Terry: Our event will bring together chefs, farmers and consumers from across the country. We hope that chefs will walk away from the experience with a new appreciation for Gulf oysters and, hopefully, a few business cards. We hope that our oyster farmers will walk away with a renewed sense of pride and hopefully some orders to fill. On the consumer side, we hope for two things. For the uninitiated guest — those who are used to 25-cent oyster nights, tabasco and saltines — we hope to convince them to engage with their oysters in a deeper way, to recognize the stories these things have to tell, and to start asking for them on local menus. For the initiated, we hope to show them that it is possible to source high-quality, premium oysters from the Gulf, and that our region is full of undiscovered gastronomic delights.

Cigars at Grand Tasting. Source: Steven Gray Photography

V: May you highlight some of the Peat & Pearl events you are most excited about? And why Scotch?

Terry: Peat & Pearls includes a number of events. However, our largest event will be the Grand Tasting, held on Oct. 7th. This is where we'll be bringing together more than two dozen oyster farmers and celebrity chefs from all over the country. The day's programming will also include whisky programming by Glenfiddich, a cigar garden with My Father Cigars and Cigar Aficionado Magazine, a storytelling salon featuring interviews with chefs, farmers and writers and much more. If I had to choose one event to attend during the weekend, it would be that one.

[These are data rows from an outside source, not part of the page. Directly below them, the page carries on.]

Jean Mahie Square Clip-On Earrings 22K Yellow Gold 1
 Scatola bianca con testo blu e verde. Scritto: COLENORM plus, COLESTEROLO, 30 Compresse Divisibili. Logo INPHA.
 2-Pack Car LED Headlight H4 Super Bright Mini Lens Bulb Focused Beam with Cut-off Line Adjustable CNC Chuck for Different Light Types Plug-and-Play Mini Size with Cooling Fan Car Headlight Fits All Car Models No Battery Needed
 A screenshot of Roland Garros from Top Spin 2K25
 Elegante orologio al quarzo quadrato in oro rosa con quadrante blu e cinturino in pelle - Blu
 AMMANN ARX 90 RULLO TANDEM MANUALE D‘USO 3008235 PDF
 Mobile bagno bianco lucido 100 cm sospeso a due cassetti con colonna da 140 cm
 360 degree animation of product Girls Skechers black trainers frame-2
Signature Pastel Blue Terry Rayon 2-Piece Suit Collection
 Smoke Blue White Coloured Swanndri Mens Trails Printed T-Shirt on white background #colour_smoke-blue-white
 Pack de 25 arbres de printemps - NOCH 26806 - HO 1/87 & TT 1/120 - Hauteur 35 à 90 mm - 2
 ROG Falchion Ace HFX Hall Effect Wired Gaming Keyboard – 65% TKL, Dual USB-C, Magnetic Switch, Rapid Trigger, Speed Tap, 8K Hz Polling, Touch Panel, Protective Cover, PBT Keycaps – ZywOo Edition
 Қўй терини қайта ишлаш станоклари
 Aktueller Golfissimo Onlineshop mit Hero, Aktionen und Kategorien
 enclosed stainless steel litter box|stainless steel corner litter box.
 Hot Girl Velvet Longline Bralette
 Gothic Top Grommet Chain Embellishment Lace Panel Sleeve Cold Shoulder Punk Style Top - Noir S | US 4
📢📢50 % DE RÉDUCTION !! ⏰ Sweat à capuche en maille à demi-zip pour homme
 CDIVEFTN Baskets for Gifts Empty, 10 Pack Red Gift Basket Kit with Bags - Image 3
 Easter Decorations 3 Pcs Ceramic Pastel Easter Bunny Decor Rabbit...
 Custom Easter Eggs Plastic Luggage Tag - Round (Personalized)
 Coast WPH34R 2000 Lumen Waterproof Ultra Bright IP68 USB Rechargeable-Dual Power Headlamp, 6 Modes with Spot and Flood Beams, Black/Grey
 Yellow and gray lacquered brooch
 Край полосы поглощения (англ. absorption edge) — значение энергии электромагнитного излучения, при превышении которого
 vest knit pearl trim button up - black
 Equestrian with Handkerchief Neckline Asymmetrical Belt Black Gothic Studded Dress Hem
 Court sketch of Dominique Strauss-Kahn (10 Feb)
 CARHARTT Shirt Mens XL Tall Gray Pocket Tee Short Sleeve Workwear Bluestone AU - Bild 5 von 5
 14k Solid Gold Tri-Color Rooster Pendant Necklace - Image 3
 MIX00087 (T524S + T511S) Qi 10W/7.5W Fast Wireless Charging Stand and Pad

Grand Tasting. Source: Steven Gray Photography

Grand Tasting. Source: Steven Gray Photography

In terms of why we chose to focus on Scotch, it really happened organically. We have a lot relationships in the world of whisky, and it was a pairing that seemed under-appreciated — at least in the U.S. Scotland has a lot of coastline, and folks there are no strangers to oysters. In terms of flavor, Glenfiddich, with its sweetness and light-spice, pairs very nicely with the brininess of Gulf oysters. Beyond this, we saw a natural affinity between the values espoused by Glenfiddich and those of the farmers we represent. Glenfiddich has been held by the same family for 130 years. They are independent and, largely because of this, dedicated to pushing the boundaries of their craft. At the same time, they remain grounded in tradition, craftsmanship and pride of place.

V: What is the vision going forward with Peat & Pearls? How do you hope it evolves?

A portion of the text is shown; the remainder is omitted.